• **ASSIGNMENT**:
Exact copy, no pictures: every line from the one that contains "오빠가 간다 | 오빠 따라 동탄간다! 명품 중성화 수술위해 찾아온 코코의 이야기" through the end of the data below, and nothing else.

(Image-caption web data)
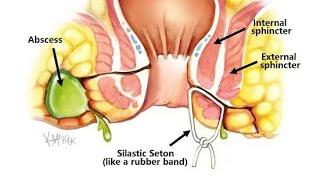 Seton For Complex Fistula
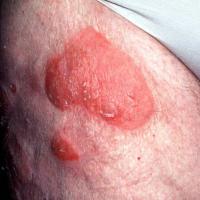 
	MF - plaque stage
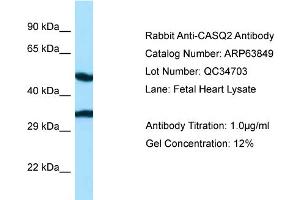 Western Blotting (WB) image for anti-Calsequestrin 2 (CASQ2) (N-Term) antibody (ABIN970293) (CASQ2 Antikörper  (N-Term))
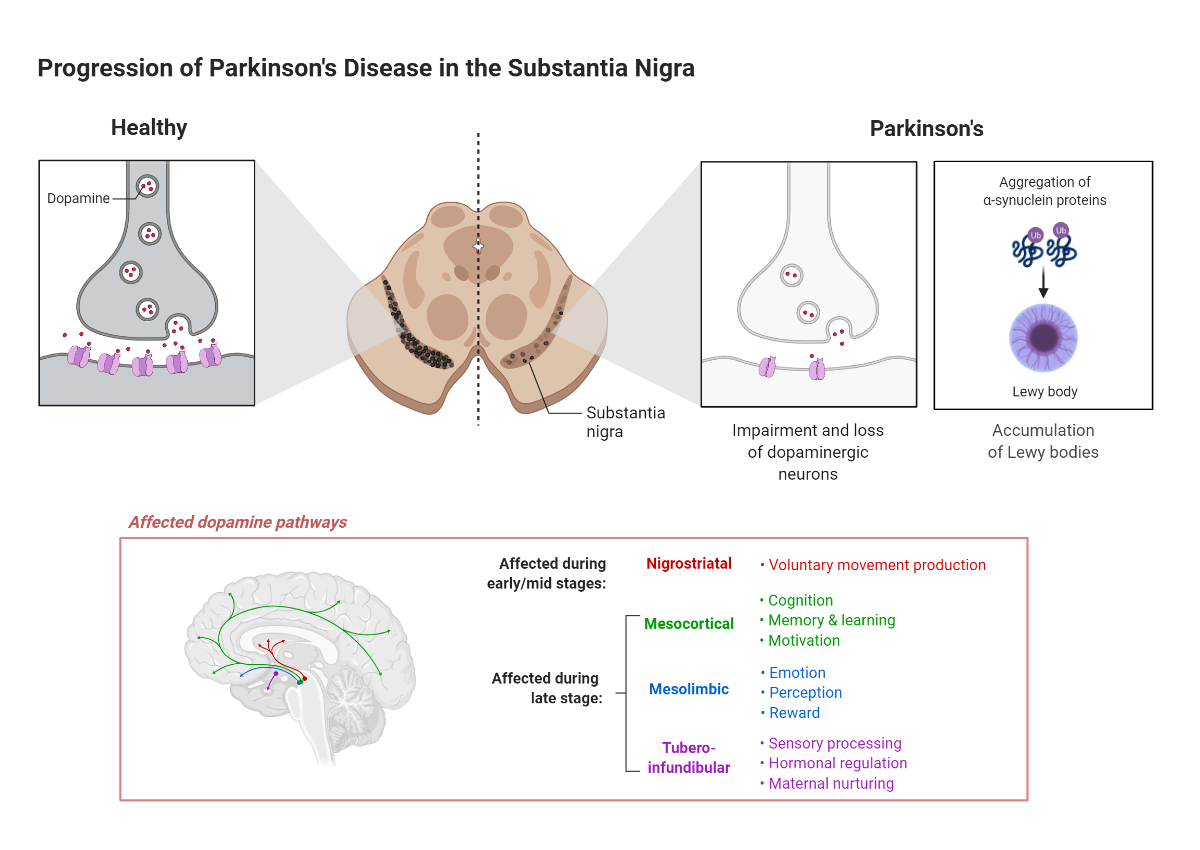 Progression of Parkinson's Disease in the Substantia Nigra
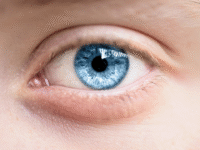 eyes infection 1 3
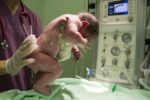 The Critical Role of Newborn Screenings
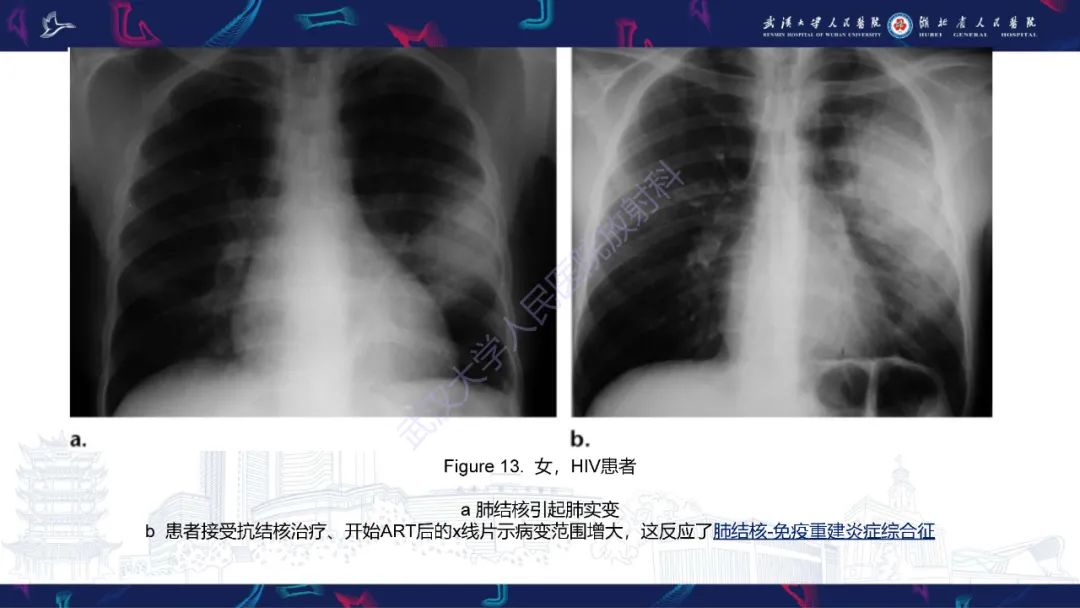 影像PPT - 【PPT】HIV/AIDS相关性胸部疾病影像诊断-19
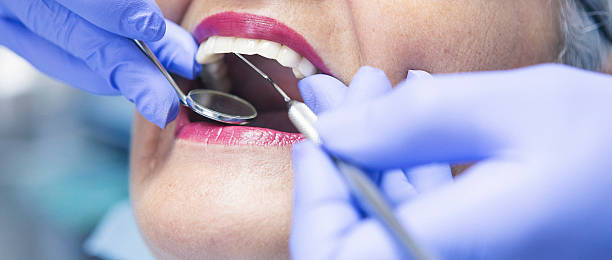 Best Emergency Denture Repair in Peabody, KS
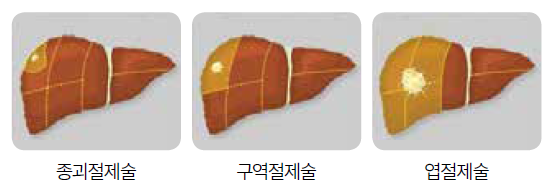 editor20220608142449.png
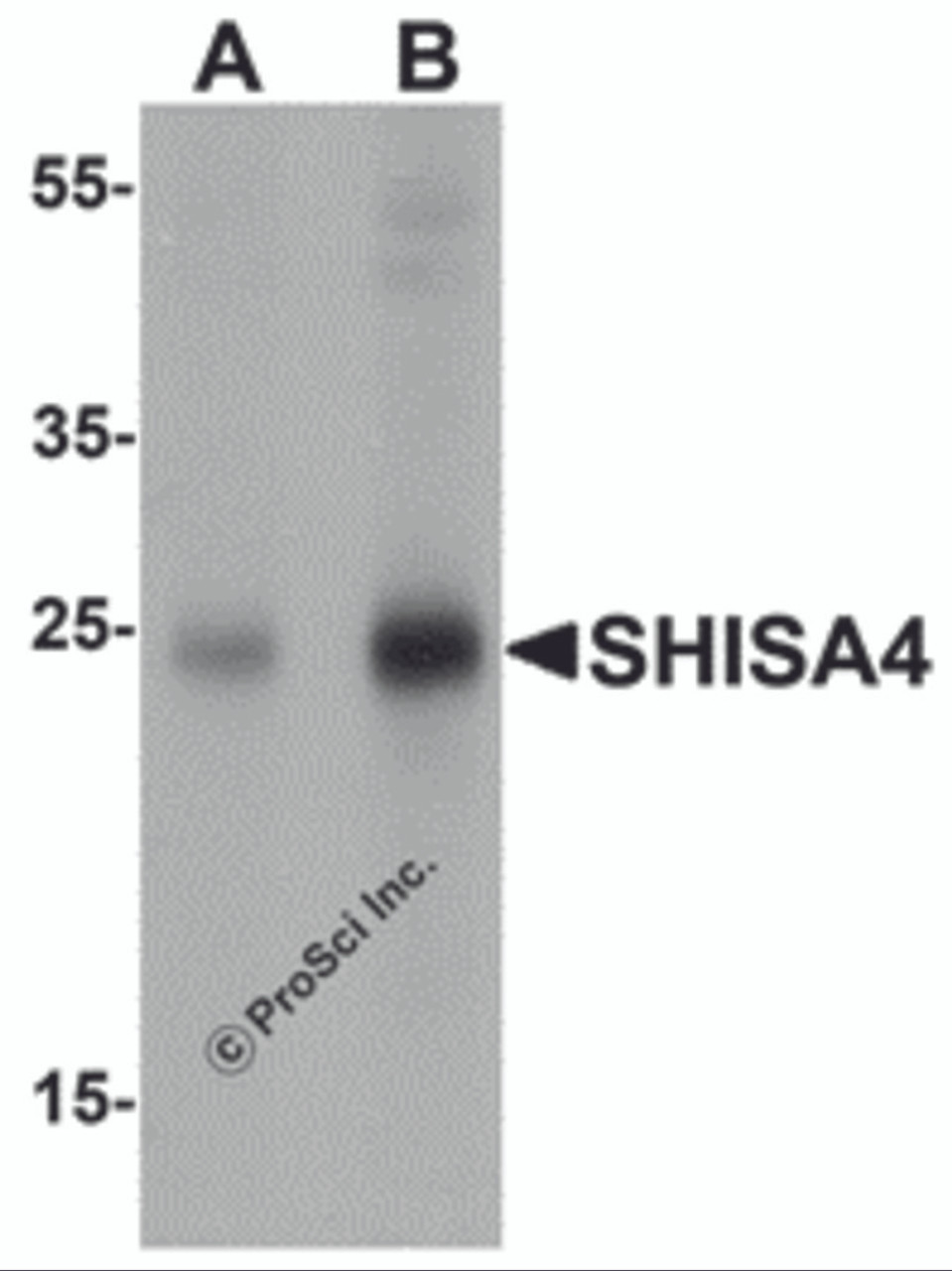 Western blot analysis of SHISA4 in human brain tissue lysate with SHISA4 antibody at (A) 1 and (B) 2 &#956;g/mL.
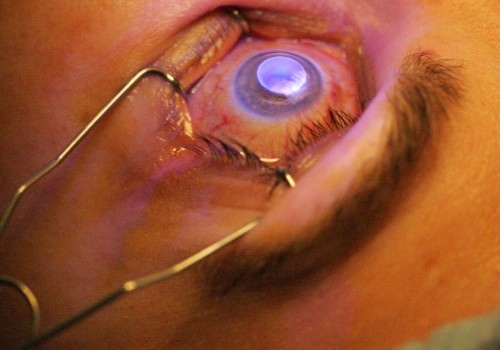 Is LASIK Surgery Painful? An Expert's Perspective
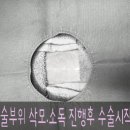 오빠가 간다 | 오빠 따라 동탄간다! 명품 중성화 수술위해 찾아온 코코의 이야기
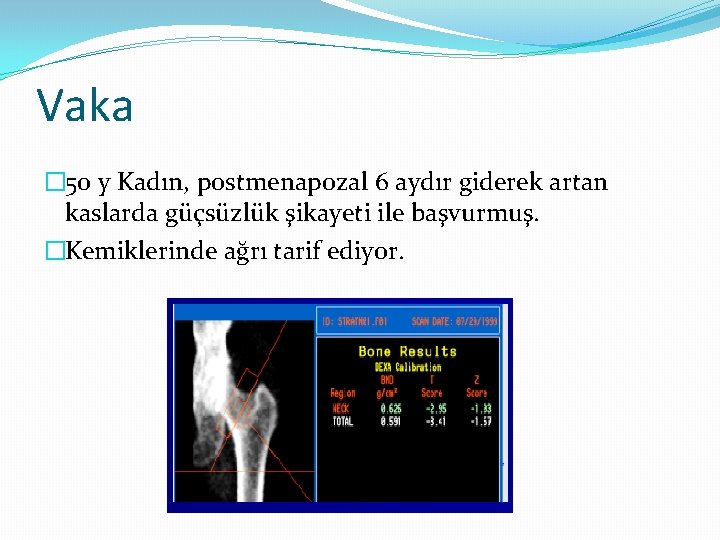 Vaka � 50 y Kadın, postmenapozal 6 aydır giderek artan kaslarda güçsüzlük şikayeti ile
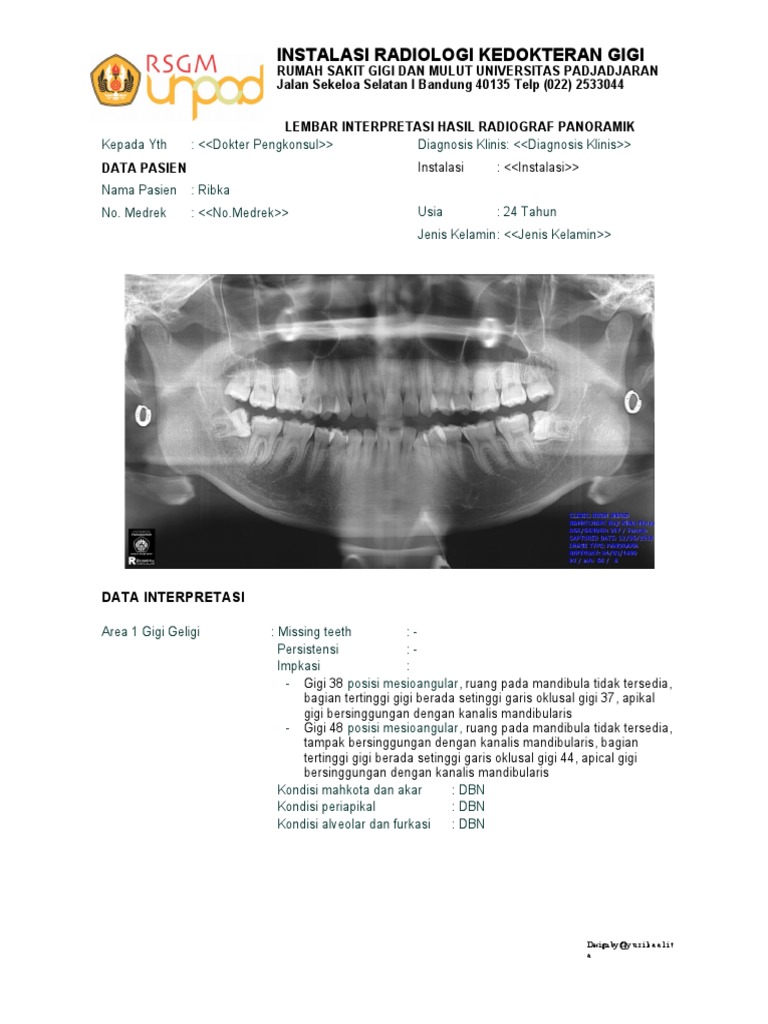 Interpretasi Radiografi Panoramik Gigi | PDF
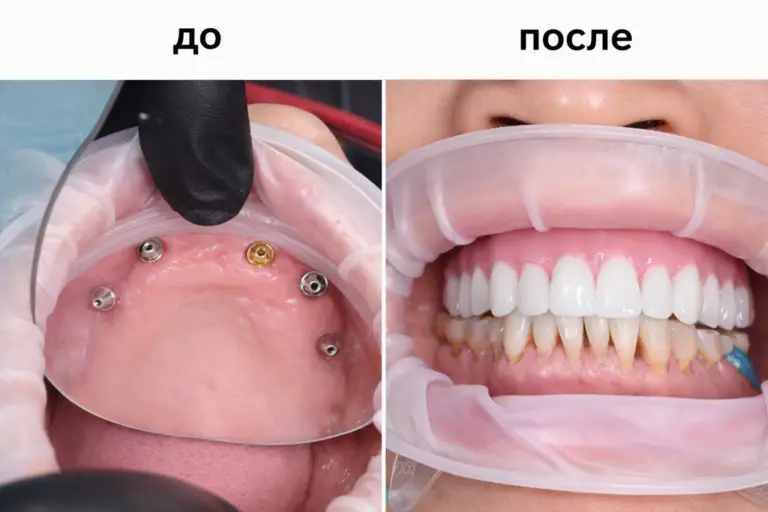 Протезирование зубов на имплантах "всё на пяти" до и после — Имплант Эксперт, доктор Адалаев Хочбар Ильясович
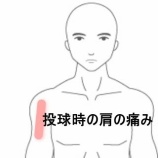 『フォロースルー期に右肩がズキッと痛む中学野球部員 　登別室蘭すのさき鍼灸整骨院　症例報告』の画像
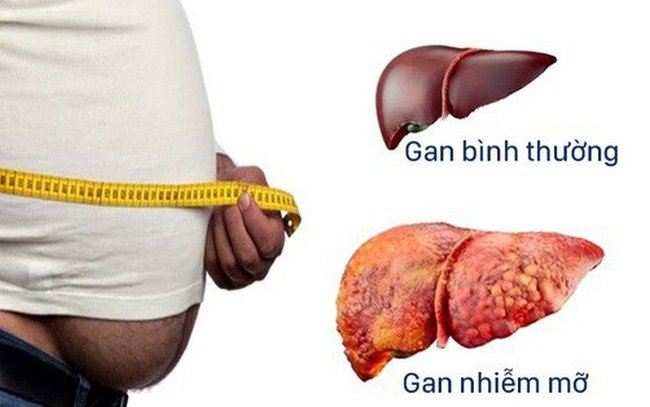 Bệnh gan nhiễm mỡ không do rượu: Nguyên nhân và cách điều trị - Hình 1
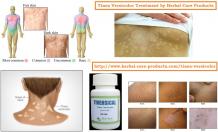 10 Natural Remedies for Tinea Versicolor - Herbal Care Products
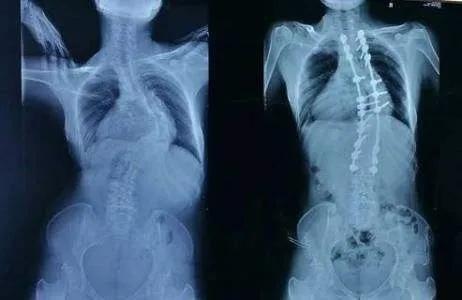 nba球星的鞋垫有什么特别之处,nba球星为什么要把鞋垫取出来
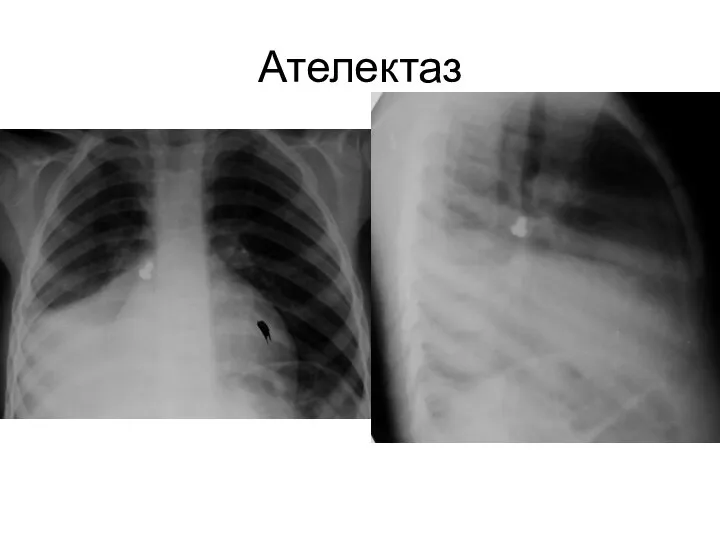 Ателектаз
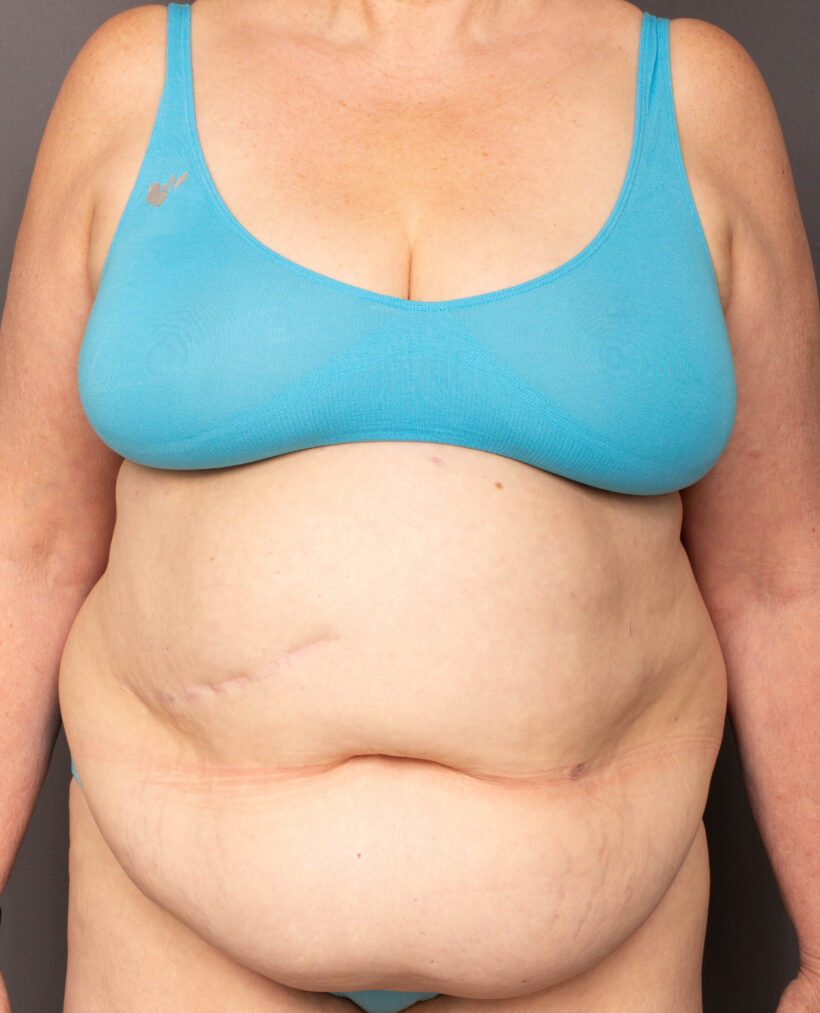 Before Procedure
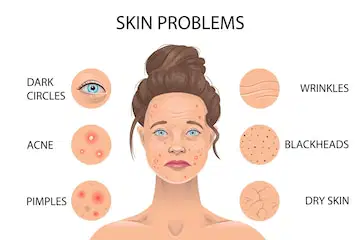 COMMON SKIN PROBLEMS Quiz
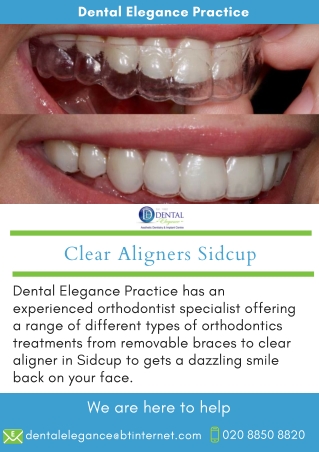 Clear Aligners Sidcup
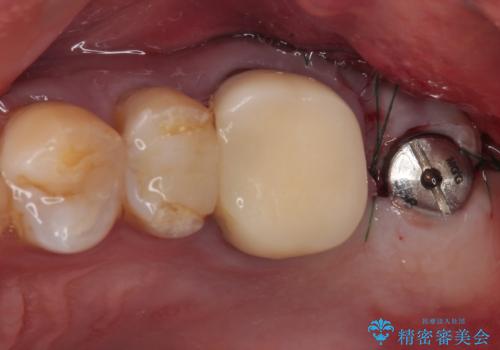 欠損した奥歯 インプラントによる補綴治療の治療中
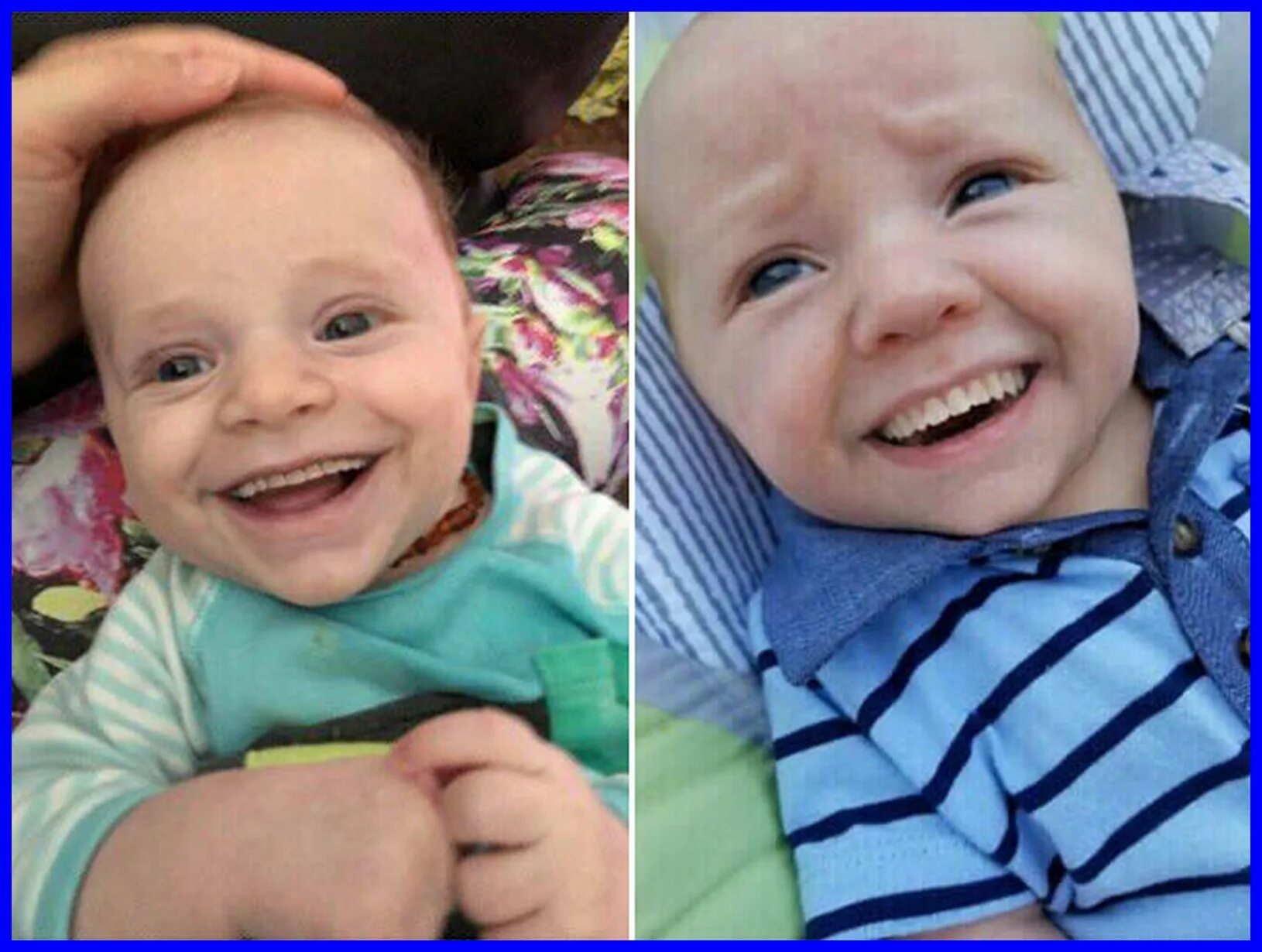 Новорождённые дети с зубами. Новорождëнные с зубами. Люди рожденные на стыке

• **FINAL ANSWER**:
 오빠가 간다 | 오빠 따라 동탄간다! 명품 중성화 수술위해 찾아온 코코의 이야기
 Vaka � 50 y Kadın, postmenapozal 6 aydır giderek artan kaslarda güçsüzlük şikayeti ile
 Interpretasi Radiografi Panoramik Gigi | PDF
 Протезирование зубов на имплантах "всё на пяти" до и после — Имплант Эксперт, доктор Адалаев Хочбар Ильясович
 『フォロースルー期に右肩がズキッと痛む中学野球部員 　登別室蘭すのさき鍼灸整骨院　症例報告』の画像
 Bệnh gan nhiễm mỡ không do rượu: Nguyên nhân và cách điều trị - Hình 1
 10 Natural Remedies for Tinea Versicolor - Herbal Care Products
 nba球星的鞋垫有什么特别之处,nba球星为什么要把鞋垫取出来
 Ателектаз
 Before Procedure
 COMMON SKIN PROBLEMS Quiz
 Clear Aligners Sidcup
 欠損した奥歯 インプラントによる補綴治療の治療中
 Новорождённые дети с зубами. Новорождëнные с зубами. Люди рожденные на стыке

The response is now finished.